One of the first celebrations of Women’s Day was on February 28, 1909 in the United States, on the initiative of the Socialist Party of America, in memory of a strike that had taken place the previous year, which mobilized women workers in the New York garment industry against poor working conditions.

In 1910, the first international women’s conference took place in Copenhagen, Denmark, led by the Socialist International, when the proposal put forward by the German socialist Clara Zetkin to establish an International Women’s Day was approved, although no date was specified. The following year, an International Women’s Day celebration was observed on March 19 in Austria, Denmark, Germany, and Switzerland, where over a million men and women participated in demonstrations demanding the right to vote and be elected, to work, to receive vocational education, and also the end of discrimination in the workplace.

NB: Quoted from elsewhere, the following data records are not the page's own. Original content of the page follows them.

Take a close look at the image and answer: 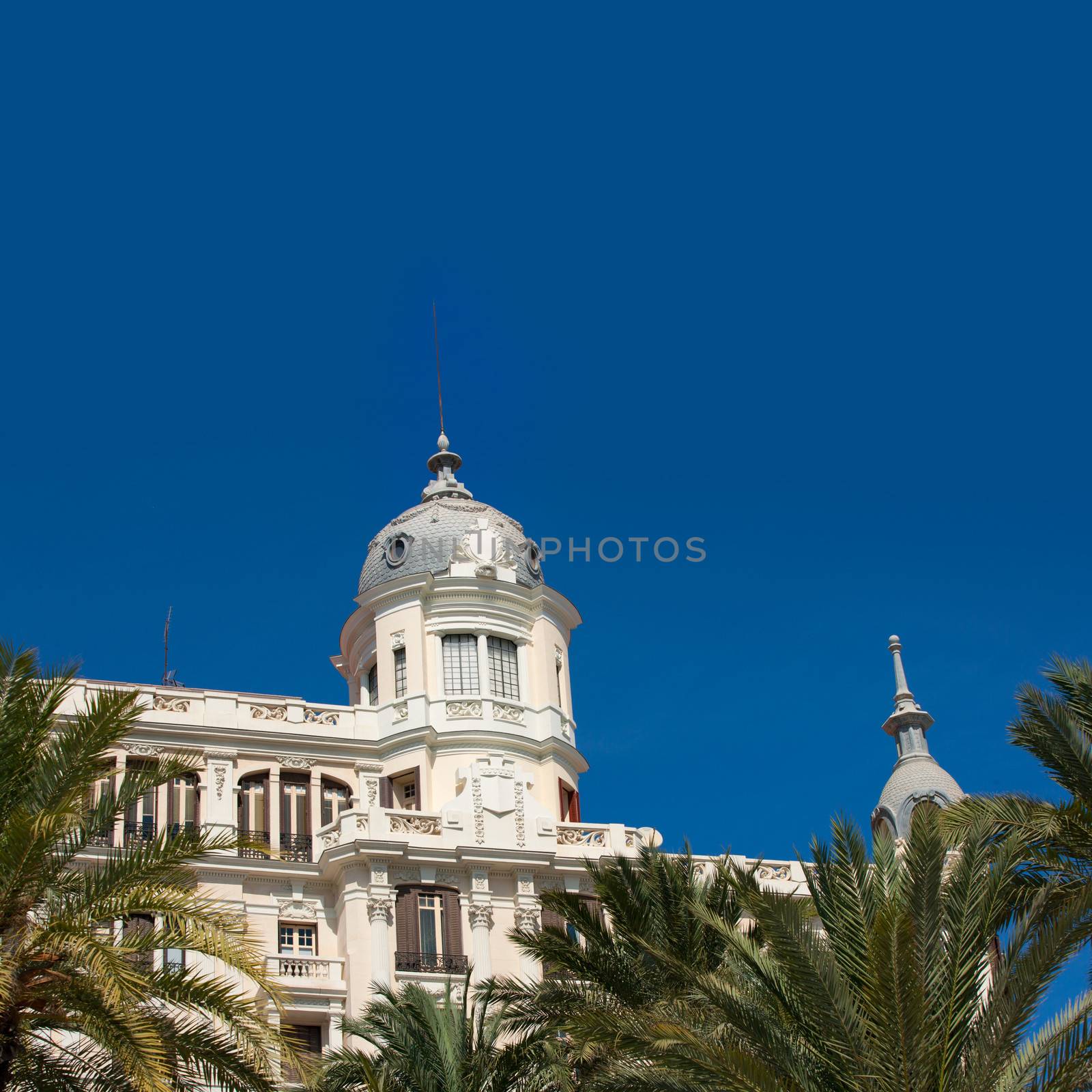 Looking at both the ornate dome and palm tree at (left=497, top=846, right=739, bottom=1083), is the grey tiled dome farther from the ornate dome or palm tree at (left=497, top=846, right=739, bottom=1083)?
palm tree at (left=497, top=846, right=739, bottom=1083)

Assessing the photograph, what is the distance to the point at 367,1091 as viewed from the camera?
104 feet

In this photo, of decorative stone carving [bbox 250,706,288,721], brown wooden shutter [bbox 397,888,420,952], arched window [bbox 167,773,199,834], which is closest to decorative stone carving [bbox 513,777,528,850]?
brown wooden shutter [bbox 397,888,420,952]

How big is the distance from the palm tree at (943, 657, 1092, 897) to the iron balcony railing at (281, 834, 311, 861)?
25062 mm

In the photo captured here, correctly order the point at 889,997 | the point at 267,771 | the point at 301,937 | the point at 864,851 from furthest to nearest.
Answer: the point at 267,771 → the point at 301,937 → the point at 864,851 → the point at 889,997

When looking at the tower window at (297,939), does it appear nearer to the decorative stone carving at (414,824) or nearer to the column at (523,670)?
the decorative stone carving at (414,824)

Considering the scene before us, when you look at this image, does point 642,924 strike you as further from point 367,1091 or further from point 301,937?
point 301,937

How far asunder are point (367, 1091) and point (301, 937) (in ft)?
66.0

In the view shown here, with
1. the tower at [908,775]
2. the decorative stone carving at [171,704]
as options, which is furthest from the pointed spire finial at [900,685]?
the decorative stone carving at [171,704]

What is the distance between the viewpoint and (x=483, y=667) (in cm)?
5866

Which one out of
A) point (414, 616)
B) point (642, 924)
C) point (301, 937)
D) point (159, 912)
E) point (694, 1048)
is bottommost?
point (694, 1048)

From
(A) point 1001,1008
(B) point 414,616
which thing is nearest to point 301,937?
(B) point 414,616

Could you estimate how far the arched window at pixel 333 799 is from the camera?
2165 inches

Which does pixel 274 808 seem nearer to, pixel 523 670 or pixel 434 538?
pixel 523 670

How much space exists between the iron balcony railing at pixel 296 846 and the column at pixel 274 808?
0.18 metres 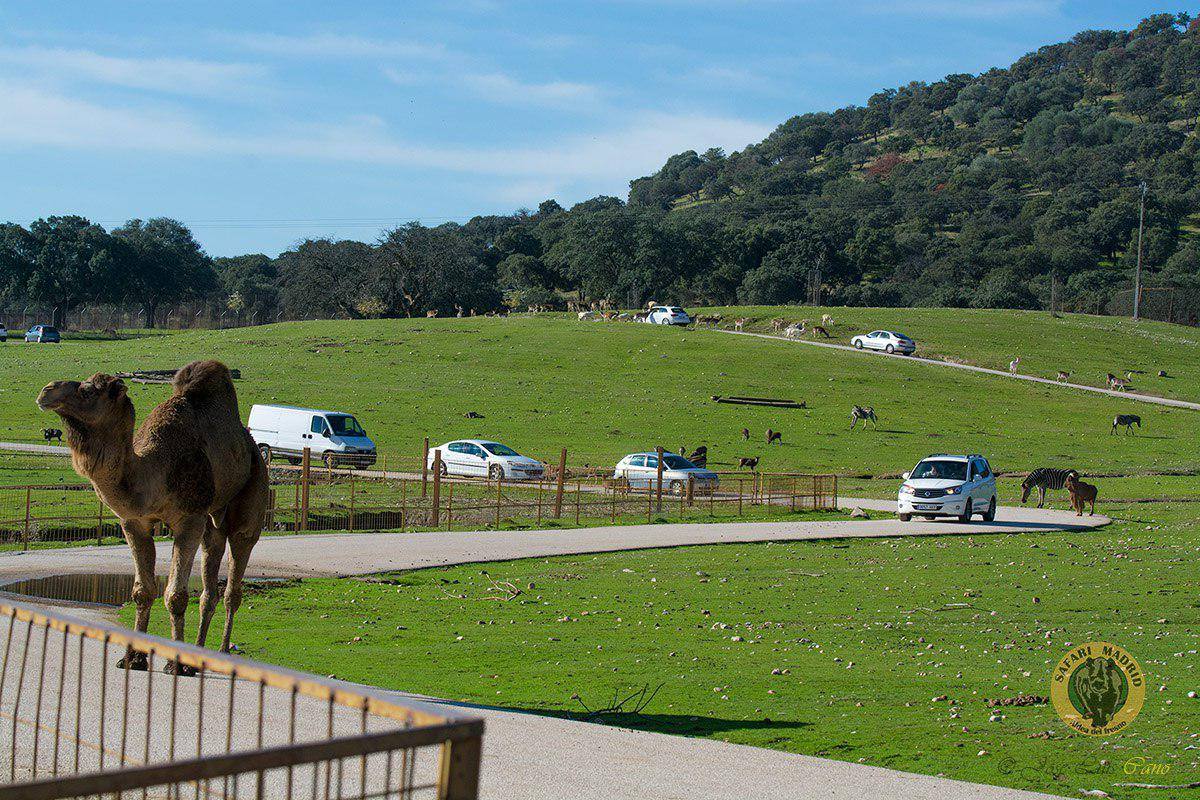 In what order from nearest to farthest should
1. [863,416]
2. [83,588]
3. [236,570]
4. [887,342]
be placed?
1. [236,570]
2. [83,588]
3. [863,416]
4. [887,342]

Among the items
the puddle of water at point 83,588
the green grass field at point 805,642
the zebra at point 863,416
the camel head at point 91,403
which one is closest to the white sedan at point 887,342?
the zebra at point 863,416

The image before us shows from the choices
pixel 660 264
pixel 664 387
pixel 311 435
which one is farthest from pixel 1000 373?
pixel 660 264

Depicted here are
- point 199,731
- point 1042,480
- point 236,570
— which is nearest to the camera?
point 199,731

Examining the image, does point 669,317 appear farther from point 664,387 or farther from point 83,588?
point 83,588

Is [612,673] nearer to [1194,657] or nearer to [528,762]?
[528,762]

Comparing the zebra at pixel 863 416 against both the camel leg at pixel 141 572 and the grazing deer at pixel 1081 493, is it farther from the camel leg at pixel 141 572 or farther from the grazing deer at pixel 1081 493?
the camel leg at pixel 141 572

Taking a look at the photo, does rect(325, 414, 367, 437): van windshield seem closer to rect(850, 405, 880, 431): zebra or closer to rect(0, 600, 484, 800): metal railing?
rect(850, 405, 880, 431): zebra

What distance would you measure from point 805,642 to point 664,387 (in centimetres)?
5209

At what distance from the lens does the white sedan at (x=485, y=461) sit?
136 feet

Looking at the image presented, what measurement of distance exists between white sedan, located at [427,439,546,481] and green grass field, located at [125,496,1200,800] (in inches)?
656

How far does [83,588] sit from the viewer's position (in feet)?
59.6

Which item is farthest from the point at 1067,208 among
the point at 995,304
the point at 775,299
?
the point at 775,299

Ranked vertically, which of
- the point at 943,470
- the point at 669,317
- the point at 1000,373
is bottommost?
the point at 943,470

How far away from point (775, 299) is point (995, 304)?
21.7 meters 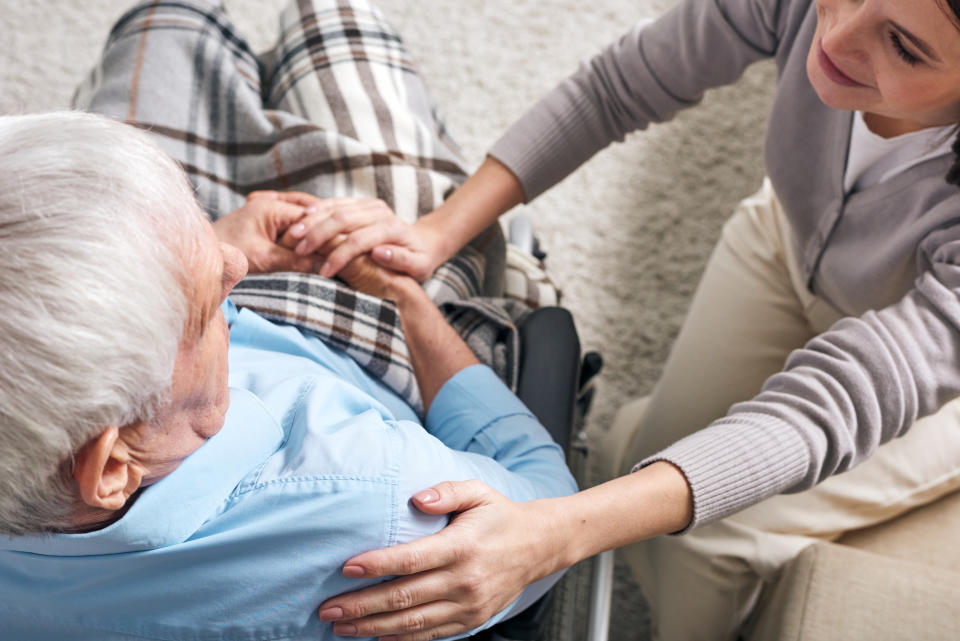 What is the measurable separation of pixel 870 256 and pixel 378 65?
27.9 inches

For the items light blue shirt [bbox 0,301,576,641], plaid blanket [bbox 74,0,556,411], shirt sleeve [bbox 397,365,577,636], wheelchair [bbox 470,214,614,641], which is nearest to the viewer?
light blue shirt [bbox 0,301,576,641]

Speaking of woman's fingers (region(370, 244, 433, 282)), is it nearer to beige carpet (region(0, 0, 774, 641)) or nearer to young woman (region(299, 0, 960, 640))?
young woman (region(299, 0, 960, 640))

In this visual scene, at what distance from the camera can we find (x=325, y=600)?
0.62 m

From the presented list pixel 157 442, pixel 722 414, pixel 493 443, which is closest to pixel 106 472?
pixel 157 442

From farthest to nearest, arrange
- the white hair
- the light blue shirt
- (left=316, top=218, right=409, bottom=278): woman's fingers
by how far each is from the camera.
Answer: (left=316, top=218, right=409, bottom=278): woman's fingers → the light blue shirt → the white hair

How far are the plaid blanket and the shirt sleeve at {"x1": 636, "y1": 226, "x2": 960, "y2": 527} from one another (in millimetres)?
293

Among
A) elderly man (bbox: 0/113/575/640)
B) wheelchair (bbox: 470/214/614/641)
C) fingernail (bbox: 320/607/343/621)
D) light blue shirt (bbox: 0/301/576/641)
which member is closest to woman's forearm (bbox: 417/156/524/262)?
wheelchair (bbox: 470/214/614/641)

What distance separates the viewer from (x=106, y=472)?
518mm

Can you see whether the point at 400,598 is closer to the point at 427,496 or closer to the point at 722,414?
the point at 427,496

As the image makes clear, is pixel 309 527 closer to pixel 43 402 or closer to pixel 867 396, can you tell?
pixel 43 402

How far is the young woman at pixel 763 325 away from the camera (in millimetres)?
661

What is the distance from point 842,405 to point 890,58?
12.7 inches

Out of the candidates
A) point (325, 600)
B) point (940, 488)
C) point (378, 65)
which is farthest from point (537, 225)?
point (325, 600)

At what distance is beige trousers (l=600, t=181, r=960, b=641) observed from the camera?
0.97 m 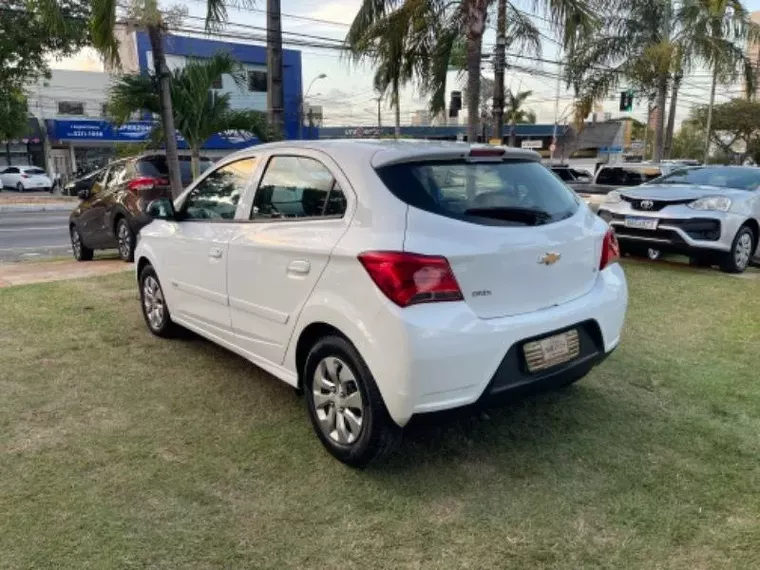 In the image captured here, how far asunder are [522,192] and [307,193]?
1.13 m

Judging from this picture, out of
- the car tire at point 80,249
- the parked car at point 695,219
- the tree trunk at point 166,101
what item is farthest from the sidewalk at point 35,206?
the parked car at point 695,219

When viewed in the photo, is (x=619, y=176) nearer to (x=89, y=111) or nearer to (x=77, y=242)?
(x=77, y=242)

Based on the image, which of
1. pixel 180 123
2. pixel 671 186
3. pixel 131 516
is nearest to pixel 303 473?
pixel 131 516

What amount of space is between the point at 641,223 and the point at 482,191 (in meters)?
5.55

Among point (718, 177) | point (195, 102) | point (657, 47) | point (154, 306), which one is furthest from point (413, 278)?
point (657, 47)

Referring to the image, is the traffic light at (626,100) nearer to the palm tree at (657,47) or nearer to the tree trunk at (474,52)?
the palm tree at (657,47)

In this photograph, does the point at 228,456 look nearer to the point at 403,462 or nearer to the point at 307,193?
the point at 403,462

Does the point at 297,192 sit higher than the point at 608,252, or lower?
higher

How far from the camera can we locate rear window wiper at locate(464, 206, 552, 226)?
2.99 m

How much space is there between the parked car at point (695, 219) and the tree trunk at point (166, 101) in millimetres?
5945

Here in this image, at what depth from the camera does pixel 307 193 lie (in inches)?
133

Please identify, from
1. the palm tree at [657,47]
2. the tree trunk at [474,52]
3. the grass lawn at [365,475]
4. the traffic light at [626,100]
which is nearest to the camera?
the grass lawn at [365,475]

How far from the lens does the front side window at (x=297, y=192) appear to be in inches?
126

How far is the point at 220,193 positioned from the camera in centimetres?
420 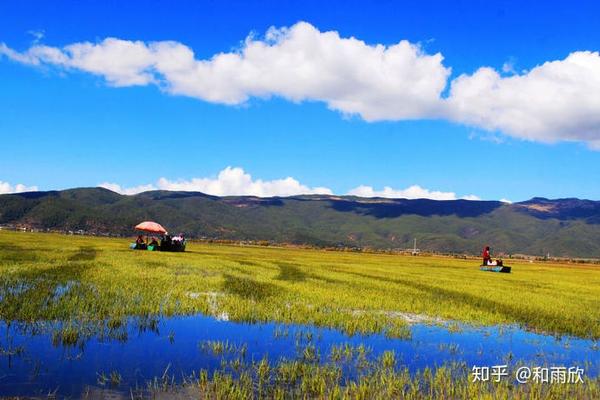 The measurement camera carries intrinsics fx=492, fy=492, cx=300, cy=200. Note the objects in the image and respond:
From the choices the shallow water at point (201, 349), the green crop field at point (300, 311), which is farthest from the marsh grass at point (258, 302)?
the shallow water at point (201, 349)

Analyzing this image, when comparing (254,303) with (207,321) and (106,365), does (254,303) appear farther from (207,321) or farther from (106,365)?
(106,365)

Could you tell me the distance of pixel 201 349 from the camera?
1256 centimetres

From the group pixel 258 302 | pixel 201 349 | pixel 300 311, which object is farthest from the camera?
pixel 258 302

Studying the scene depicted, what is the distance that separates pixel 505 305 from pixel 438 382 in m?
16.3

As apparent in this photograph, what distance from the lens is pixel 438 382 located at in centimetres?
1072

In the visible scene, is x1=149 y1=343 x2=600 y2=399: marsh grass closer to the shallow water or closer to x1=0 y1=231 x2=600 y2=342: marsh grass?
the shallow water

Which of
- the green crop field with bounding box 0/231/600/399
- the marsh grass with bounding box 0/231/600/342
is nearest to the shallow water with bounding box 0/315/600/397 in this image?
the green crop field with bounding box 0/231/600/399

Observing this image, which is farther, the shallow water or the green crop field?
the green crop field

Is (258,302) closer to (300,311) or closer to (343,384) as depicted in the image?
(300,311)

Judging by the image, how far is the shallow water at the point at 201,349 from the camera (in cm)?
985

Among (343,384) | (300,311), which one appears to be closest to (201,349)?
(343,384)

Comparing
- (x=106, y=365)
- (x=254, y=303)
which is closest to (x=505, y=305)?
(x=254, y=303)

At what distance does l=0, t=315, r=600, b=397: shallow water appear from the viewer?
9852 millimetres

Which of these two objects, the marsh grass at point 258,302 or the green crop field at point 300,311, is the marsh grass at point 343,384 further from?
the marsh grass at point 258,302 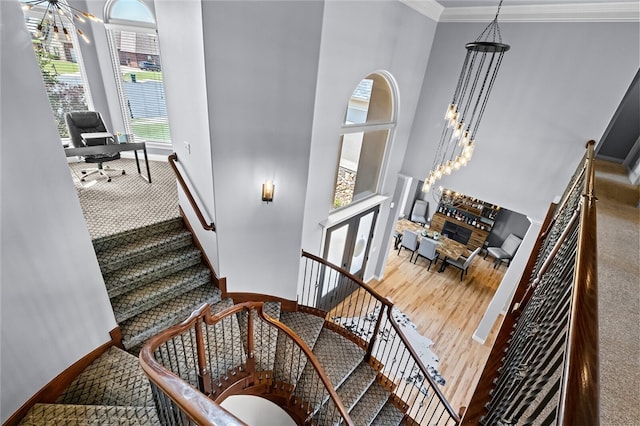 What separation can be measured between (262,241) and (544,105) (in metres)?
4.79

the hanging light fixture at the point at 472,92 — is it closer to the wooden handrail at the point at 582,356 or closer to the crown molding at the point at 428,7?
the crown molding at the point at 428,7

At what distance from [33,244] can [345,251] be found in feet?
14.9

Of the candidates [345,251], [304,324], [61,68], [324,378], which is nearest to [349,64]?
[345,251]

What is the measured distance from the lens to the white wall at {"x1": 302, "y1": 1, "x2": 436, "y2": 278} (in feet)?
11.3

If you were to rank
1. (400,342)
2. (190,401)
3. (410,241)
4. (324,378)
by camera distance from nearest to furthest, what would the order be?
(190,401) < (324,378) < (400,342) < (410,241)

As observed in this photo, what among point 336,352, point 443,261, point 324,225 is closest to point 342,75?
point 324,225

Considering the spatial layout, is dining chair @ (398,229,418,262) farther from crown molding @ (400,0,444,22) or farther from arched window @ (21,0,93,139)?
arched window @ (21,0,93,139)

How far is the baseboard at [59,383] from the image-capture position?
7.80 ft

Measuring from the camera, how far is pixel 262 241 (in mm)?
3988

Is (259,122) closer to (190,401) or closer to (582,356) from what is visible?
(190,401)

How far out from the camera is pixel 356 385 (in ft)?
13.0

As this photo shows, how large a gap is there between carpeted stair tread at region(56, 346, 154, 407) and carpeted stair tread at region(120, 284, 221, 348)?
314 mm

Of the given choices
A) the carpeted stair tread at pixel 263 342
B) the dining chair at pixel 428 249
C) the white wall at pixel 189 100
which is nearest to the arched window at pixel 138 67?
the white wall at pixel 189 100

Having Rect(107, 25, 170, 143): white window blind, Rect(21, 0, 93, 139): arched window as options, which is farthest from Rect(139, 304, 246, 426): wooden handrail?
Rect(21, 0, 93, 139): arched window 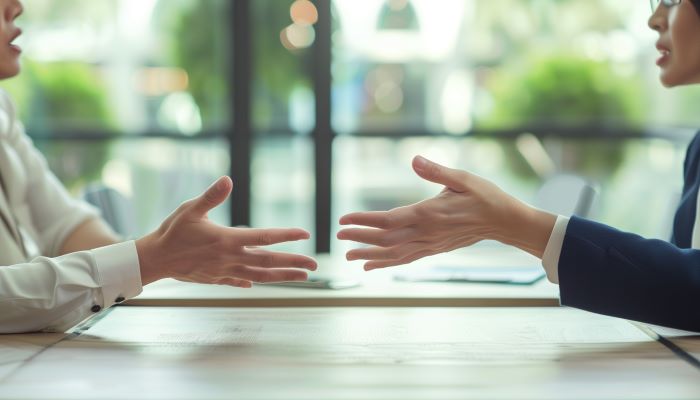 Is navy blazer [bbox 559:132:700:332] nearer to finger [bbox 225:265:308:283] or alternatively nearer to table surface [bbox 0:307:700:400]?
table surface [bbox 0:307:700:400]

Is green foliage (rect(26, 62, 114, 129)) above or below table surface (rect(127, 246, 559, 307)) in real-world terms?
above

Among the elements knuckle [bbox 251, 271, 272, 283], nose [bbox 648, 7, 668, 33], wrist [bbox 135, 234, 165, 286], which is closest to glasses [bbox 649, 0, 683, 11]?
nose [bbox 648, 7, 668, 33]

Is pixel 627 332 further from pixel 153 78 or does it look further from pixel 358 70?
pixel 153 78

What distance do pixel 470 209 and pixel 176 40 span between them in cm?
349

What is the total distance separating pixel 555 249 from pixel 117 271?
0.80 meters

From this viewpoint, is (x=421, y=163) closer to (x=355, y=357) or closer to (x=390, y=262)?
Result: (x=390, y=262)

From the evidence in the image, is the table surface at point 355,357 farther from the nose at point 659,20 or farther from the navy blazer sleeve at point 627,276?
the nose at point 659,20

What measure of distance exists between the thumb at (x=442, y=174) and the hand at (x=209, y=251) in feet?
0.80

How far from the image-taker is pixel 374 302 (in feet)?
5.82

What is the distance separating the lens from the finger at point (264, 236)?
5.10 ft

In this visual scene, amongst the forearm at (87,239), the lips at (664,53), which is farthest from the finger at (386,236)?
the forearm at (87,239)

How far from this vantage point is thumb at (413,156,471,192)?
1588mm

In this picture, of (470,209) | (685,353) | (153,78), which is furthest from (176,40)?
(685,353)

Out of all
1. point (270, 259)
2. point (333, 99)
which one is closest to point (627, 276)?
point (270, 259) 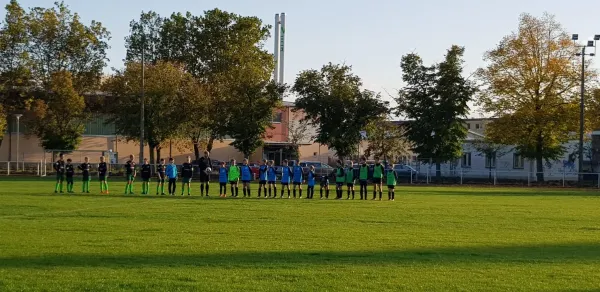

Controversies about the Origins

For many years, March 8 was associated with large factory fires in the early 20th century, in which dozens of female workers perished. The most well-known of these incidents is the Triangle Shirtwaist factory fire, which indeed occurred on March 25, 1911, at 5 PM, killing 146 workers: 125 women and 21 men. The factory employed 600 people, mostly Jewish and Italian immigrant women aged between 13 and 23. One of the consequences of the tragedy was the strengthening of the International Ladies’ Garment Workers’ Union (ILGWU). Academic Eva Blay considers it “very likely that the sacrifice of the Triangle workers has been incorporated into the collective imagination of the women’s struggle,” but emphasizes that “the process of establishing an International Women’s Day had already been developed by American and European socialists some time before and was ratified with Clara Zetkin’s proposal.”

Similarly, Spanish historian Ana Isabel Álvarez González explains in her book “The Origins and Celebration of International Women’s Day” (published in 2010 in Brazil by Expressão Popular) that the origin of the date simultaneously passes through the United States and Soviet Russia. The author, who sought primary sources in both American and Spanish historiography, confirms that the Triangle fire did indeed occur on March 25, 1911, not on the 8th, noting that March 8, 1911, was a Sunday, an unlikely date for a strike. Although such fires were not uncommon at the time, González highlights that the fire was very significant for the American labor movement and the feminist movement. But, by itself, the incident does not explain the origin of International Women’s Day.

In addition to the Triangle factory fire, which did happen, there is another similar story that seems to be a mere invention. In 1955, Liliane Kandel and Françoise Picq wrote in an article L’Humanitéabout the myth that the date originated from the celebration of the struggle and strike of textile workers in New York in 1857 — who were allegedly harshly repressed by the police or killed in an arson attack on the factory, according to different versions of the myth. There is no evidence that this happened and, according to the authors, such versions seem to have been created by the Union des Femmes Françaises,which aimed to convert the celebration of Women’s Day into a sort of Mother’s Day, entirely devoid of any sense of women’s struggle, as it had become in the USSR and Soviet bloc countries.

Recovery of the Date

In 2008, the UN launched the campaign “Women Make the News,” aimed at promoting gender equality in global media. Nowadays, however, it is considered that the celebration of International Women’s Day has had its original meaning partially diluted, often taking on a festive and commercial character, such as the habit of employers distributing red roses or small gifts among their female employees—an action that does not evoke the spirit of the Russian demonstrators of March 8, 1917.